Agyn: Multi-Agent System Achieves 72.2% Success Rate on Software Engineering Tasks Through Team-Based Approach
Key Takeaways
- ▸Multi-agent team structure outperforms single-agent approaches on software engineering tasks, achieving 72.2% resolution rate on SWE-bench 500
- ▸Agent specialization with defined roles (coordinator, researcher, implementer, reviewer) mirrors real-world engineering teams and improves task execution
- ▸Organizational design and infrastructure may be as critical as underlying model improvements for advancing autonomous software engineering capabilities
Summary
Researchers have introduced Agyn, a fully automated multi-agent system that approaches autonomous software engineering by replicating real-world team structures rather than treating code resolution as a monolithic process. The system assigns specialized agents to distinct roles including coordination, research, implementation, and review, providing them with isolated sandboxes and enabling structured communication channels. Built on an open-source platform for configuring agent teams, Agyn follows a defined development methodology encompassing analysis, task specification, pull request creation, and iterative review—all without human intervention.

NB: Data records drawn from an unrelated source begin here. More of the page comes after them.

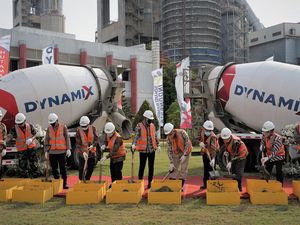 SBI Bangun Pelabuhan Terminal Khusus di Tuban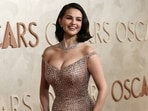 Selena Gomez walks the red carpet at Oscars. 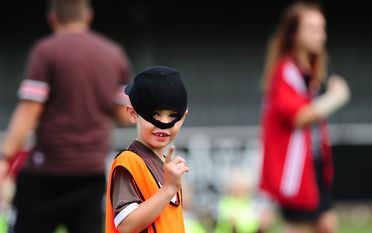 Im Fußballcamp werden die Kinder in zwei Trainingseinheiten von qualifierten Jugendtrainern des FC St. Pauli trainiert. Foto: eb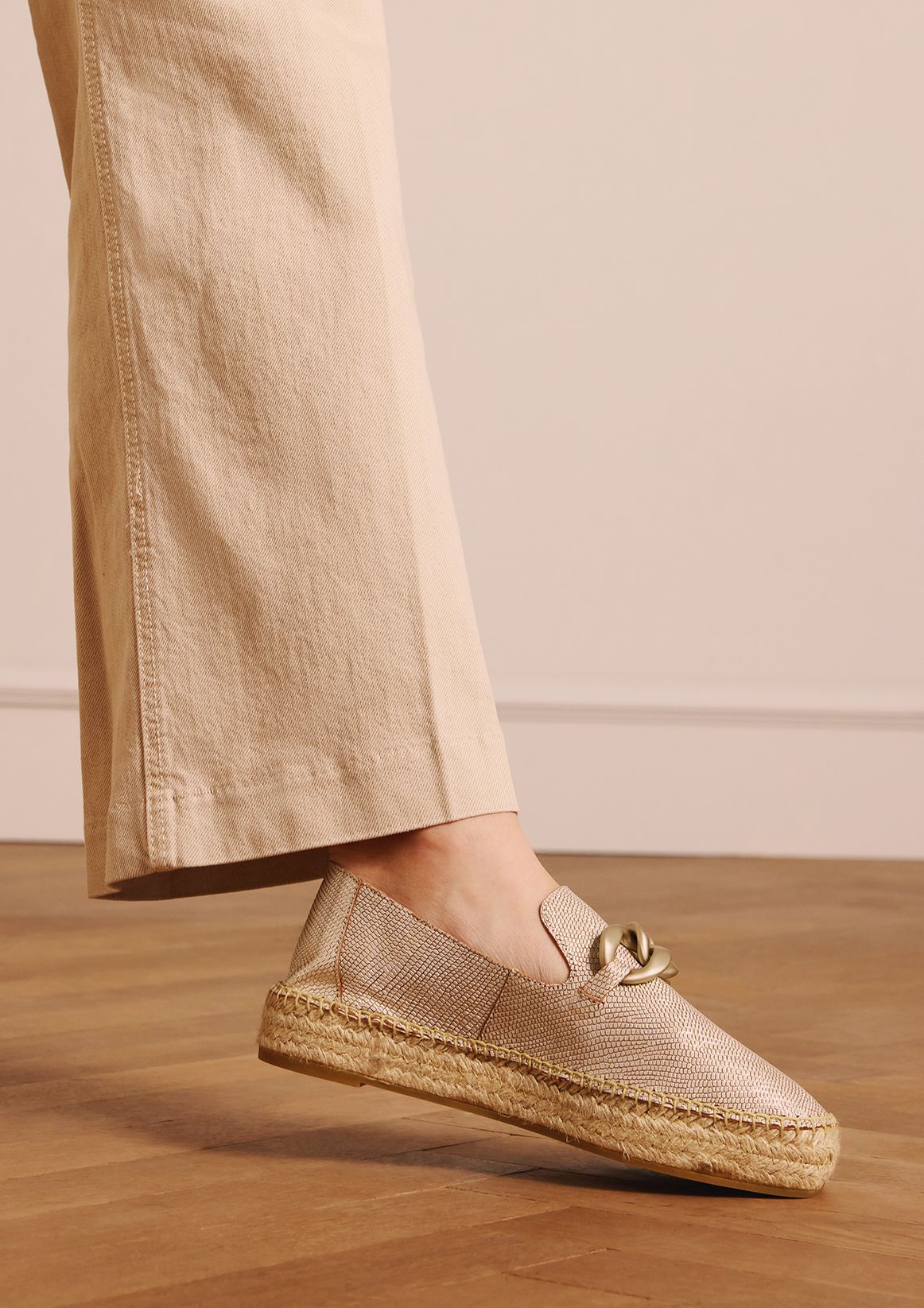 Goudkleurige leren espadrilles met gouden chain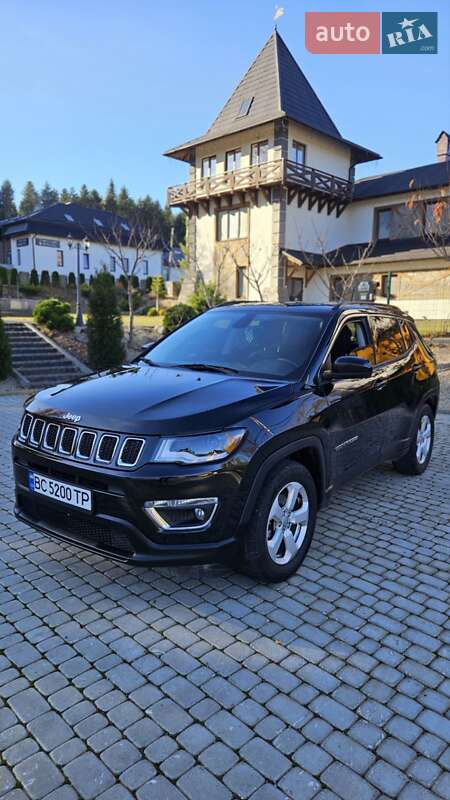 Внедорожник / Кроссовер Jeep Compass 2017 в Старом Самборе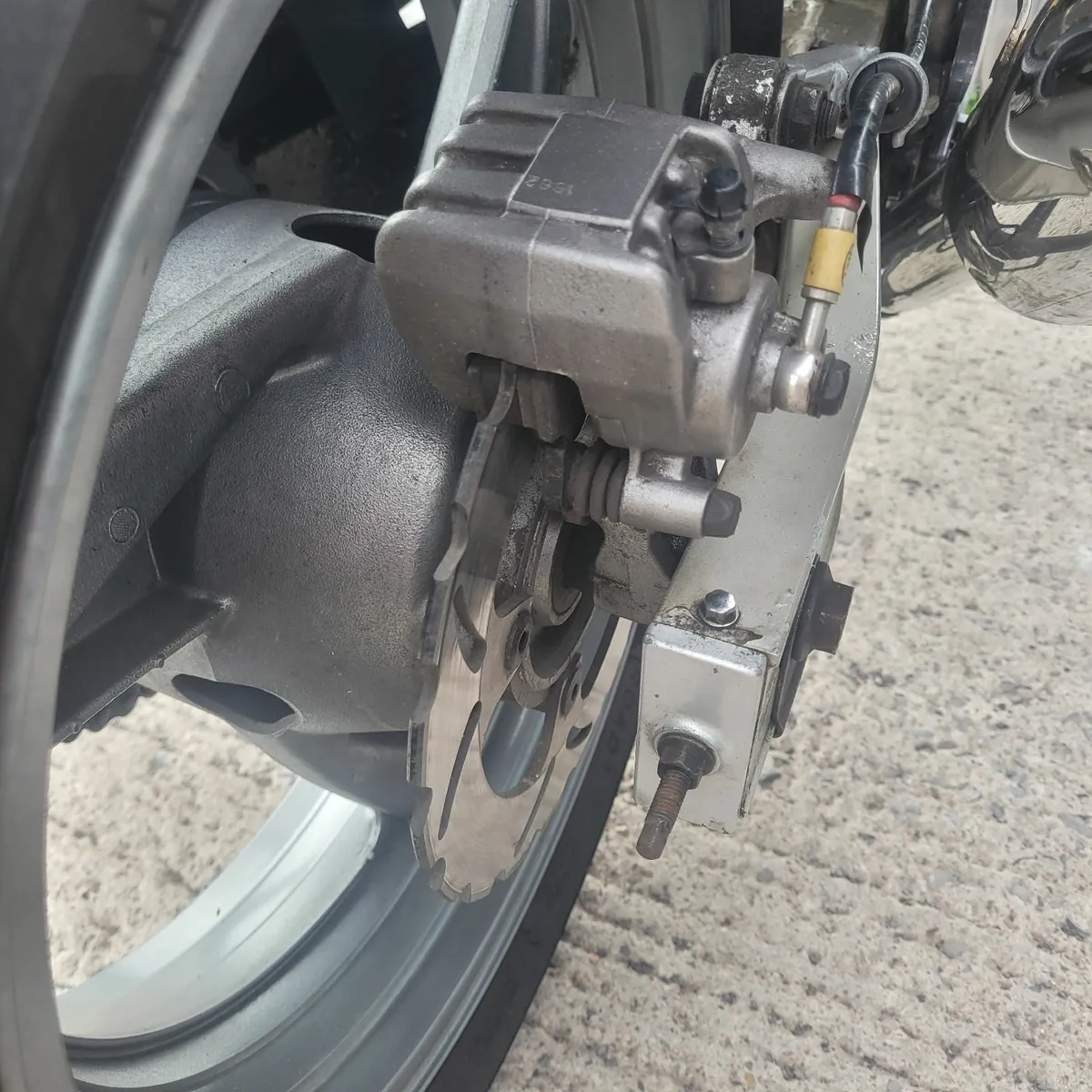 KAWASAKI ZX600 ZXR600 2002 - Image 2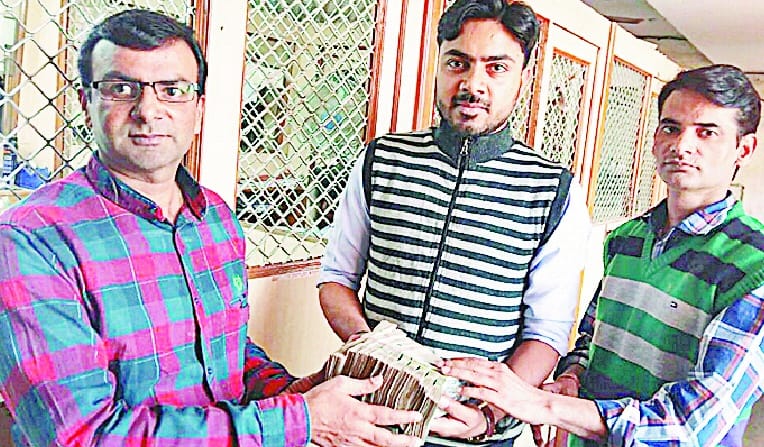 100 notes of Rs 6.25 lakh filed
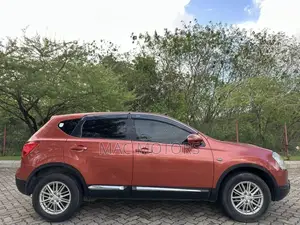 Nissan Dualis 2008 Burgundy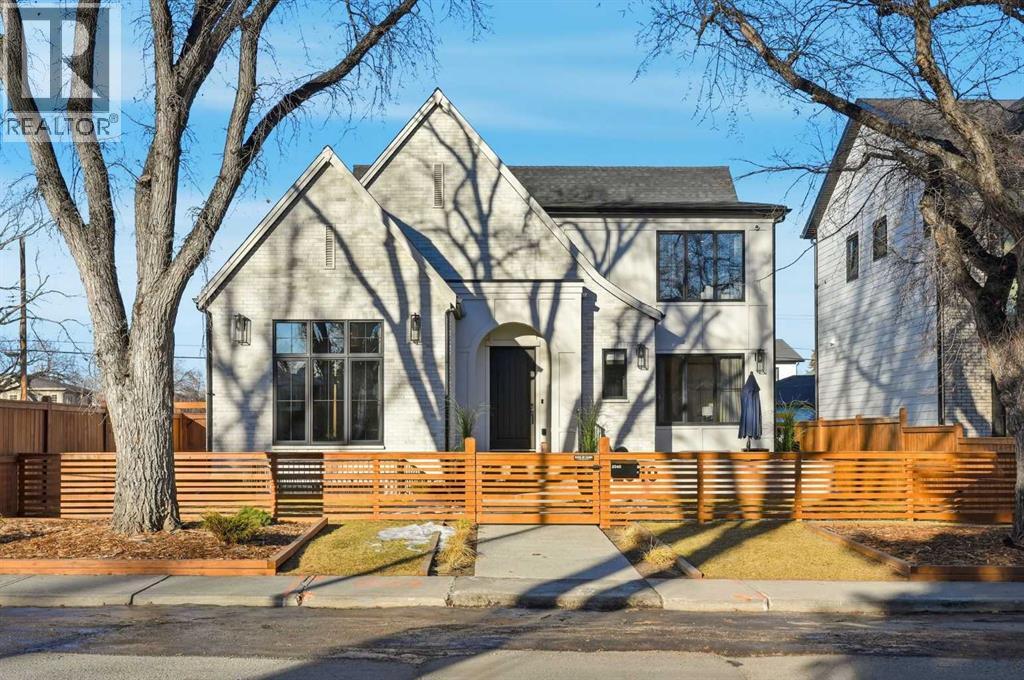 House for Sale in 2040 56 Avenue SW|Calgary, Alberta T3E1M8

When evaluated on SWE-bench 500, Agyn resolved 72.2% of tasks, outperforming single-agent baselines using comparable language models. The system was designed for real production use and was not optimized specifically for benchmark performance, suggesting genuine practical applicability. The research demonstrates that organizing autonomous agents into teams with clear methodologies and communication protocols significantly improves software engineering task completion rates.
Editorial Opinion
Agyn's results underscore an important insight: autonomous systems may benefit more from better organizational design than from raw model scaling. By mirroring the collaborative structures of human engineering teams—with role specialization, structured communication, and iterative review—the system achieves impressive benchmark performance without task-specific tuning. This suggests the field should invest more in agent infrastructure and team dynamics alongside model development.